Flask: Input stream not automatically drained at teardown.

Created on 20 Feb 2017  路  19Comments  路  Source: pallets/flask

I'm not sure if this is intended behaviour and maybe I should know better, but I spent ages trying to figure out why I was getting a code 400, message Bad request syntax error and it turned out to be because I was not consuming the data associated with a request when raising an Unauthorized exception.

This seems to be a massive hole because if you are not expecting data with a request and so don't read anything then that data is left in the input stream (assuming keep-alive) and so forms the start of the next request. In fact I have even tried sending a request with another request in the data and Flask processes that data as if it were the next request and sends that in response to the following request.

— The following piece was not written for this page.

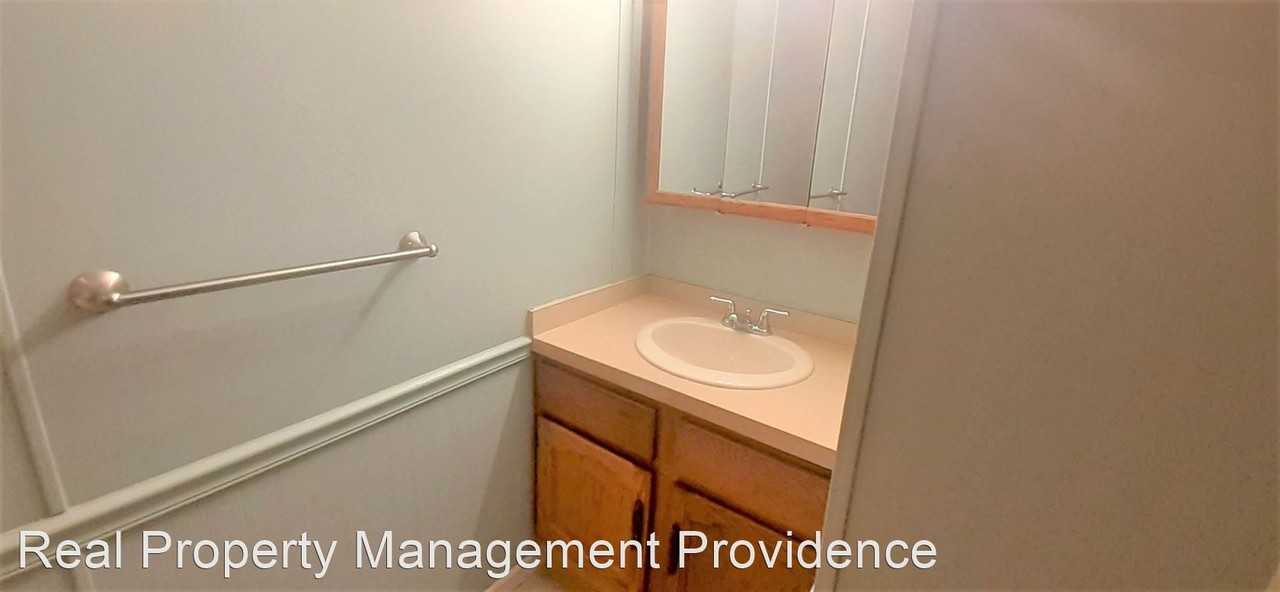 262 -264 George Waterman Road - Photo 3 of 4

I have resolved this issue by copying the body of the finally clause in the wrapper function inside exhaust_stream from formparser.py in pallets/werkzeug and having this new function decorated with @app.teardown_request. This ensures that the input stream is always drained after every request and so left over data is not mis-interpreted as the start of the next request.

Anyway, if I am expected to handle this situation manually as I have done can something be added to the documentation (or if it's already there can you point it out to me, somehow I couldn't find it). Otherwise, I think Flask should drain the input stream so that subsequent requests are always correctly aligned.

All 19 comments

Please add a minimal example that demonstrates the issue.

from flask import Flask
from werkzeug.serving import WSGIRequestHandler

WSGIRequestHandler.protocol_version = "HTTP/1.1"
app = Flask(__name__)

@app.route("/")
    return "Hello World!\n"

if __name__ == "__main__":
    app.run()

Then run on the command line in bash or zsh:

curl -X GET --data-binary $'GET /index.html HTTP/1.1\r\n' http://localhost:5000/ http://localhost:5000/

The output from Flask where it is running is:

 * Running on http://127.0.0.1:5000/ (Press CTRL+C to quit)
127.0.0.1 - - [20/Feb/2017 16:46:47] "GET / HTTP/1.1" 200 -
127.0.0.1 - - [20/Feb/2017 16:46:47] "GET /index.html HTTP/1.1" 404 -
127.0.0.1 - - [20/Feb/2017 16:46:47] code 400, message Bad HTTP/0.9 request type ('Host:')
127.0.0.1 - - [20/Feb/2017 16:46:47] "Host: localhost:5000" 400 -

The error here is slightly different to what I was getting in my full application, but from the same section of code (I had code 400, message Bad request syntax).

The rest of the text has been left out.